Les livres et moi, mes coups de coeur, mes découvertes, mes créations ou mes voyages : intellectuels, spirituels, botaniques ou culinaires...
Je voulais passer la société tout entière par le chas de l'aiguille photographique. Savoir ce que nous disions de ces images et ce qu'elles disaient de nous. J'étais convaincu d'avoir compris l'étendue du pouvoir de la photographie, d'être celui qui pourrait révéler ses vérités cachées. Je décryptais, comme on dit.
J'avais juste oublié l'essentiel.
Parce que si je me suis souvent demandé pendant ces entretiens, ce qu'avaient ressenti ceux qui avaient pris ces photos, je me suis rarement interrogé sur ce qu'avaient éprouvé les photographiés au moment du déclic.
...
Aujourd'hui, je m'interroge : combien de mémoires avons-nous insultés de la sorte ?
Olivier et Héloïse travaillent ensemble. Olivier est historien. Il a quitté son poste d'enseignant à l'Université, pour se consacrer à son émission télévisée. Héloïse l'aide, en tant que documentaliste, à la préparer en recherchant dans les archives les photos les plus marquantes des événements passés.
Alors qu'ils vont déjeuner, la rame de métro dans laquelle ils se trouvent, explose brutalement.
Est-ce un accident ? un attentat ? Qu'importe...Olivier sort en hurlant de l'enfer en tenant dans ses bras, Héloïse grièvement blessée et qui se vide de son sang.
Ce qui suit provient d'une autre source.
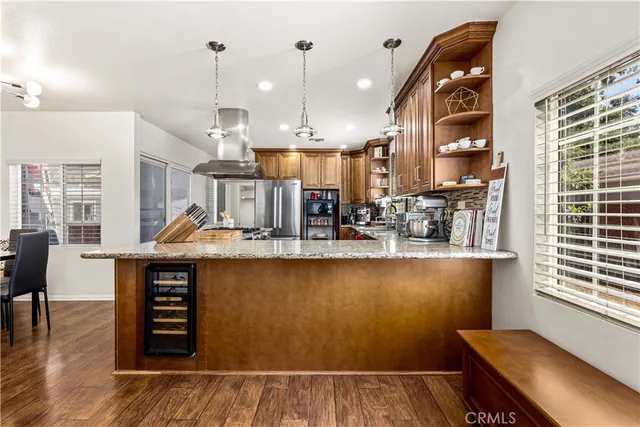 a kitchen with stainless steel appliances granite countertop a sink and wooden floors
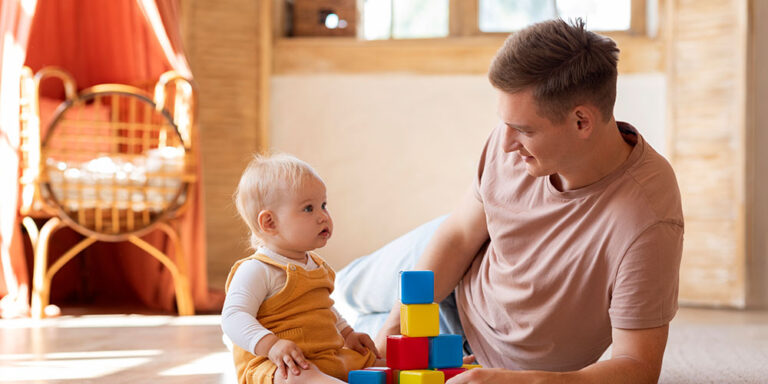 Vater spielt auf dem Boden mit seinem Baby, das bunte Bauklötze stapelt. Im Hintergrund steht ein Kinderbett.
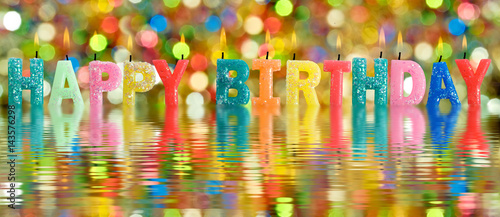 Canvas Print Glowing candles on water background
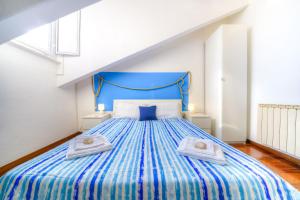 A bed or beds in a room at Il Nodo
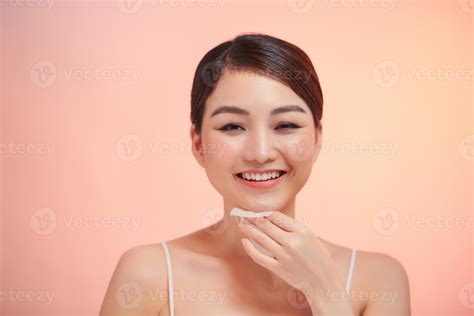 Closeup Portrait Of Beautiful Healthy Girl With Nude Makeup Cleaning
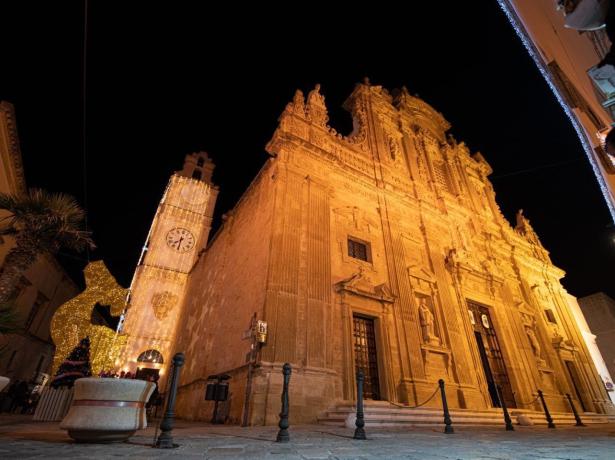 Chiesa barocca illuminata di notte, con torre dell'orologio decorata.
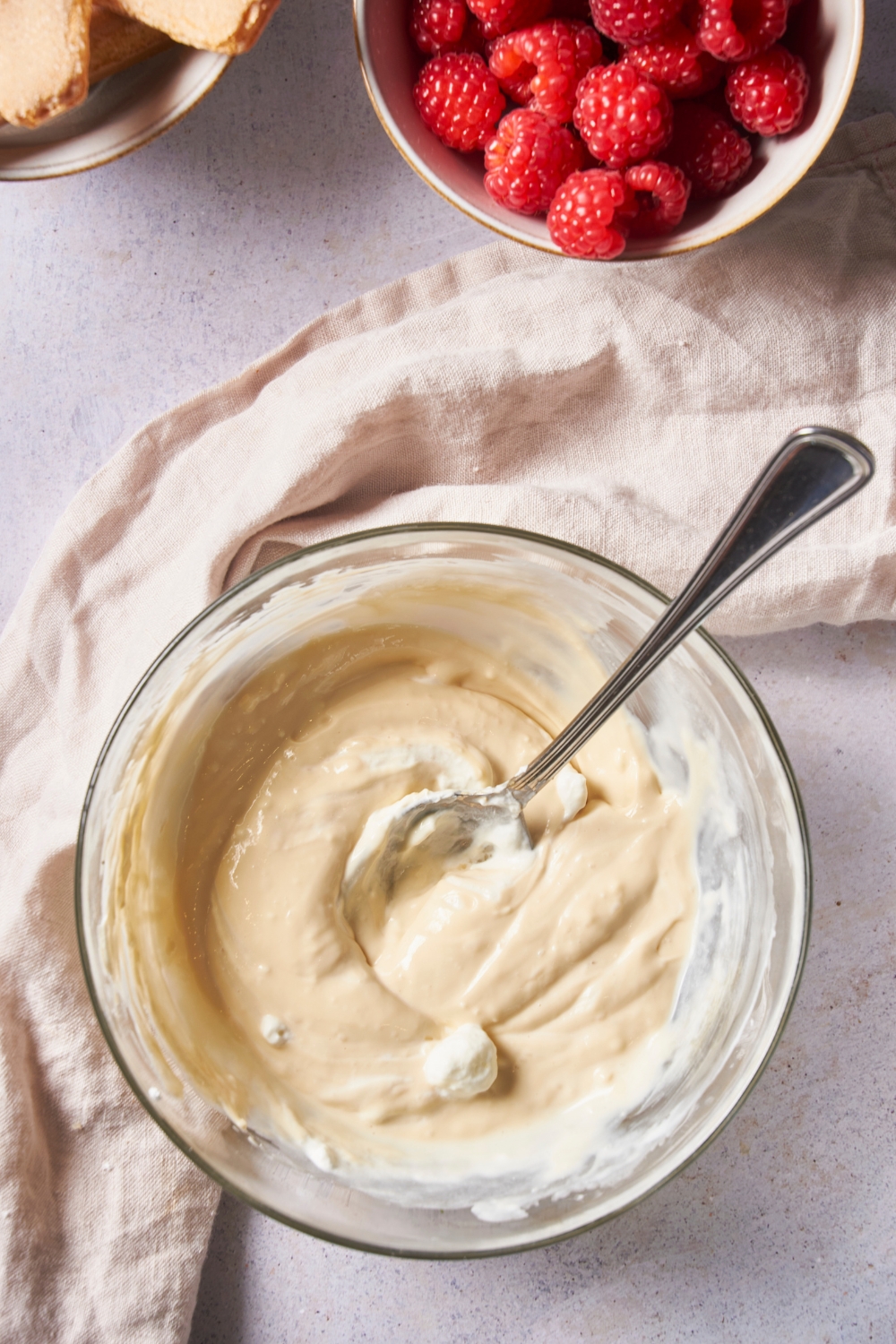 Clear mixing bowl with a spoon and a smooth cream cheese mixture.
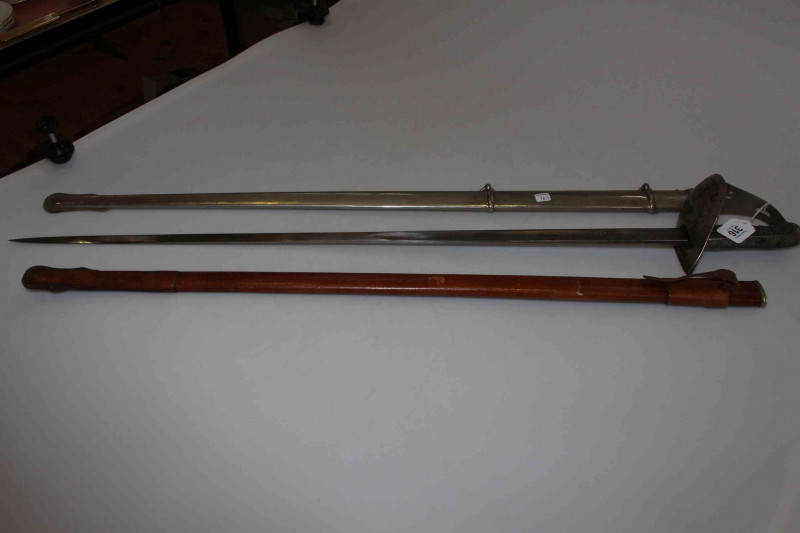 Victorian ceremonial sword and scabbard, the blade with engraved decoration together with a separate leather scabbard (2).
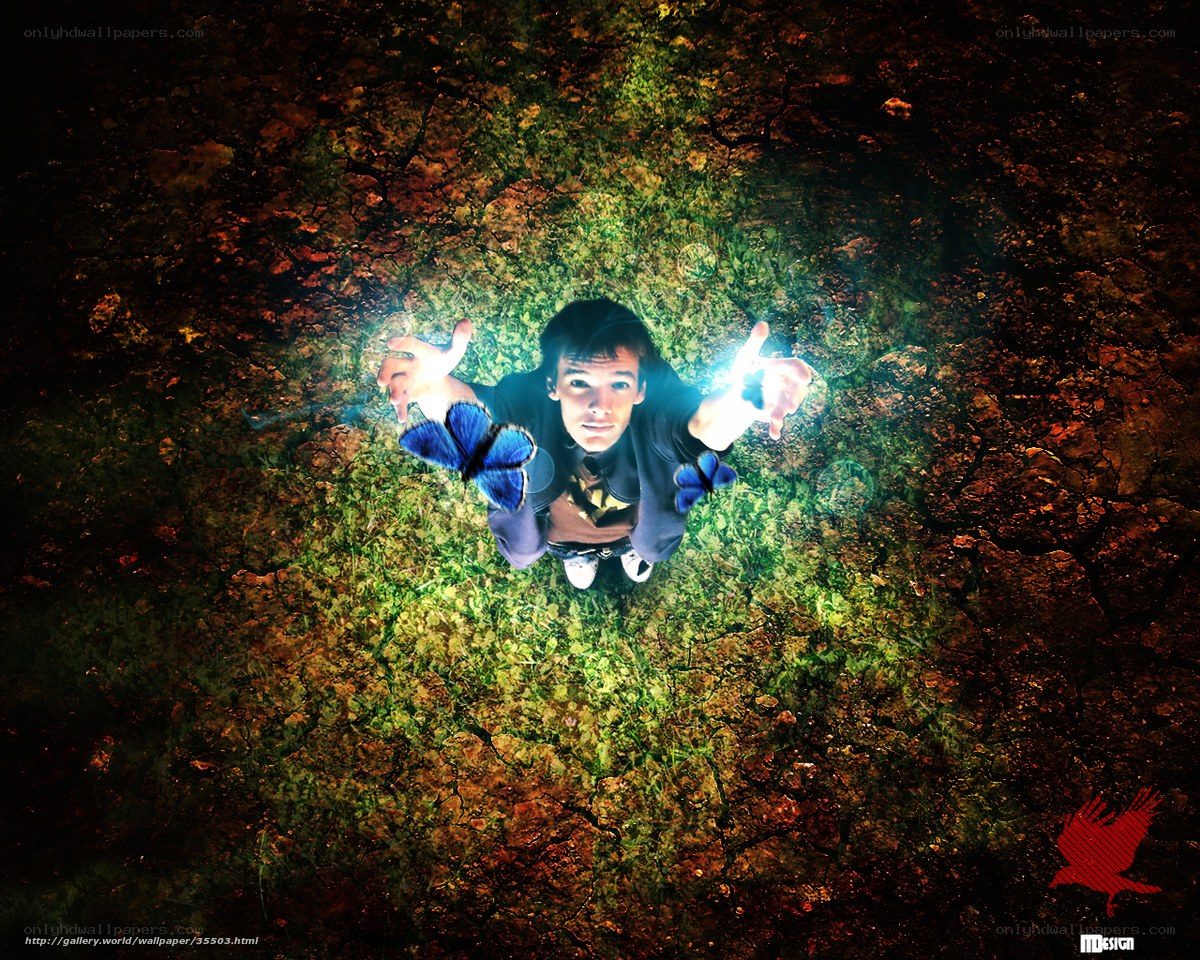 man with glowing hands and butterflies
Par cet acte fou, il va lui sauver la vie...
Ne restera de ces instants de violence inouïe, que de terribles souffrances physiques, des moments d'angoisse insurmontables, des nuits d'insomnie, la culpabilité d'être vivants quand tant d'autres ont péri et ...une photo de leur évacuation, impudique et dérangeante qui va faire la une des médias et que tous leurs proches vont voir, faisant voler leur vie en éclat.
Tous deux après des semaines de silence durant lequel ils consolident peu à peu leur corps meurtri, vont décider de tout faire pour réparer les dégâts qu'elle va causer dans leur vie, et de se "venger" à leur manière de ce photographe qui a vendu le cliché à Scoop-Images...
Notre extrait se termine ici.